## Brief
Only an exact repeat of the listing, without its images, counts as the answer.

## Data to process
►
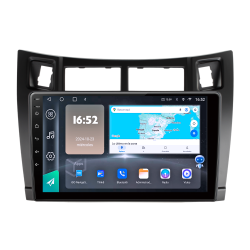 Evus X9 Toyota 4GB+64GB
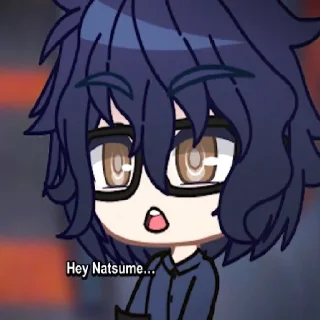 😮 emoji омегаверс анстар Telegram sticker 17 of 113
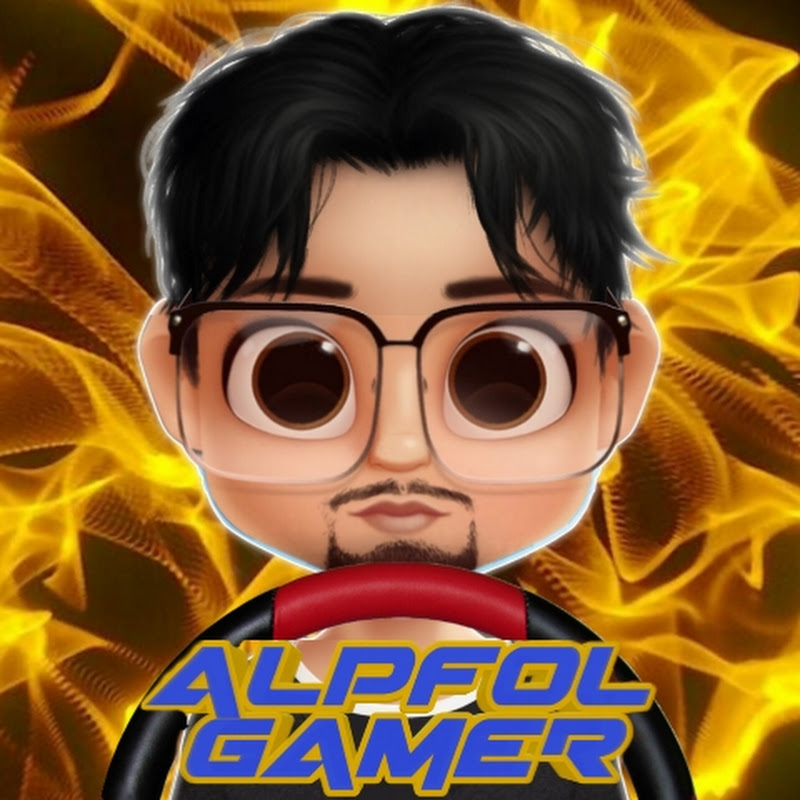 ALPFOL GAMER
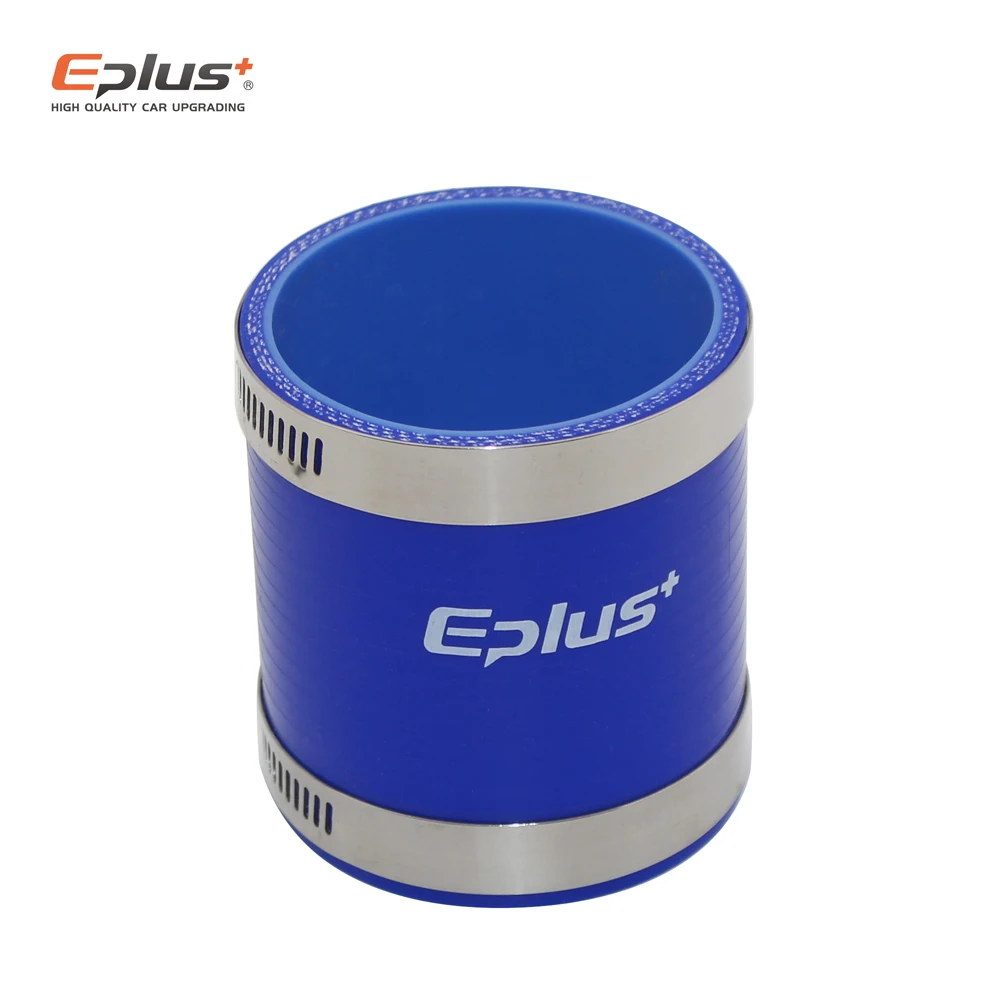 

Silica Gel Tube Universal Silicone Tubing Hose Straight Connector Pipeline Coupler High Temperature Resistance Blue Length 76mm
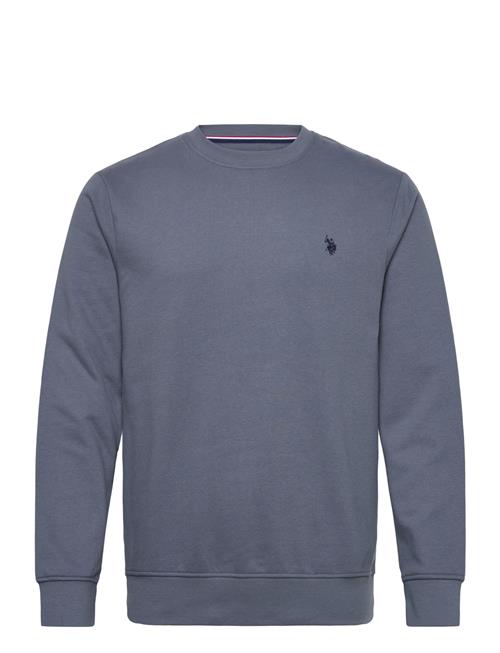 U.S. Polo Assn. | Tais Reg Cot Pe Uspa M Sweat | L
◄
## Expected answer
 Evus X9 Toyota 4GB+64GB
 😮 emoji омегаверс анстар Telegram sticker 17 of 113
 ALPFOL GAMER

Silica Gel Tube Universal Silicone Tubing Hose Straight Connector Pipeline Coupler High Temperature Resistance Blue Length 76mm
 U.S. Polo Assn. | Tais Reg Cot Pe Uspa M Sweat | L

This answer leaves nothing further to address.